Which doesn't make any sense, does it? I've suspected the same thing of
copies=2, but neither should cause any overhead during reads. Thoughts?
>> !! Wow, reads are less than half as fast with raidz2 by these
>> measurements.
>
> Which doesn't make any sense, does it? I've suspected the same
> thing of
> copies=2, but neither should cause any overhead during reads.
> Thoughts?
I dunno; I guess this is a question for a pure ZFS forum where non-
FUSE people hang out.
Hey,
We used a single HD because we were comparing the performance between the operating system implementations, not raw disk speed. All that mattered about the disk setup is that it stayed constant between tests.
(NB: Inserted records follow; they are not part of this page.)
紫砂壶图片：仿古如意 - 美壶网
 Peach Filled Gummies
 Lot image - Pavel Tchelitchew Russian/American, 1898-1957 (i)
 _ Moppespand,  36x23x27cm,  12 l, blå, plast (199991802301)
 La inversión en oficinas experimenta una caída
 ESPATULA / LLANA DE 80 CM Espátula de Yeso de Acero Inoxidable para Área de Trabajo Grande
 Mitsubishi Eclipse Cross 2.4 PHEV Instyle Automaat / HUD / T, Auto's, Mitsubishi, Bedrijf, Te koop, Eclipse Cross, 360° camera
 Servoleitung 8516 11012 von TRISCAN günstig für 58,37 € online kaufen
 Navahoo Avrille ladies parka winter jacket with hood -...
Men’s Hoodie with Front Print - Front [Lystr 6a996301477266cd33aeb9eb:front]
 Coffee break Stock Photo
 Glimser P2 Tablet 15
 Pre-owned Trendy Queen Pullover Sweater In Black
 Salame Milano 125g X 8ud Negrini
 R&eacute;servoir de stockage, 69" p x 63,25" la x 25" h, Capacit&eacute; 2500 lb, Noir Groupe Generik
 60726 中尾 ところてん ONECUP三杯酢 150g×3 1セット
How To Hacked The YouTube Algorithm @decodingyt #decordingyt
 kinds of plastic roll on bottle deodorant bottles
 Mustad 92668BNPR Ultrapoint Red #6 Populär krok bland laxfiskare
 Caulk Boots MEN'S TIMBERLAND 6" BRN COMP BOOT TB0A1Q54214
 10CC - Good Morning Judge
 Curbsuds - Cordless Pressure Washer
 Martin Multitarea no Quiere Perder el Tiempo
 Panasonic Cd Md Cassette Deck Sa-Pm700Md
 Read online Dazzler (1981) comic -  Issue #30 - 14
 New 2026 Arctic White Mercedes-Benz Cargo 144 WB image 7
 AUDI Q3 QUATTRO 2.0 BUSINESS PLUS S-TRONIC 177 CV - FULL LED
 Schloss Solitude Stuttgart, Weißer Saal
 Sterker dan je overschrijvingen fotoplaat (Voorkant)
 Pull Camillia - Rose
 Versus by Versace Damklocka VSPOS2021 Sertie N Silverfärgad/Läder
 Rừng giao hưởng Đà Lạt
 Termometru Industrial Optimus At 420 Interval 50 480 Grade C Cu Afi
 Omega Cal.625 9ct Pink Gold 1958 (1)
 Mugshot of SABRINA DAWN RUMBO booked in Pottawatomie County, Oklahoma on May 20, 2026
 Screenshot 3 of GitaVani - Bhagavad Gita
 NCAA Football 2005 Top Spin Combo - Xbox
And why ZFS? Because our application makes heavy use of differential snapshots being sent and received between nodes in a cluster, and as far as I know ZFS is the only filesystem which supports this mode of operation efficiently enough to send/recv a whole filesystem every 10-20 seconds. You don't need lots of HDs to find that useful ;)
> Luke Marsden wrote:
>> Hey,
>>
>> We used a single HD because we were comparing the performance between
>> the /operating system implementations/, not raw disk speed. All that
>> mattered about the disk setup is that it stayed constant between tests.
> Ok useful enough. However, the striping implementation (and therefore
> the performance impact) may vary between the OS *driver* implementations
> as well. Especially zfs-fuse being userspace may kill the benefit. I'd
> like to know [1]
>
> Cheers
>
> [1] FWIW: I've *seen* the increase in speed when using a set of disk
> over using a single disk. I'd still be interested in the performance
> differences across OS-es.
Soon, my friend. My first test on Linux is in the last phase (16G files,
which takes forever).
I've only started getting workable results with OpenSolaris this week
(as I finally got my head around making the NIC work - muhahaha. It
appears if the NIC doesn't work, OS is dead in the water. Surprisingly.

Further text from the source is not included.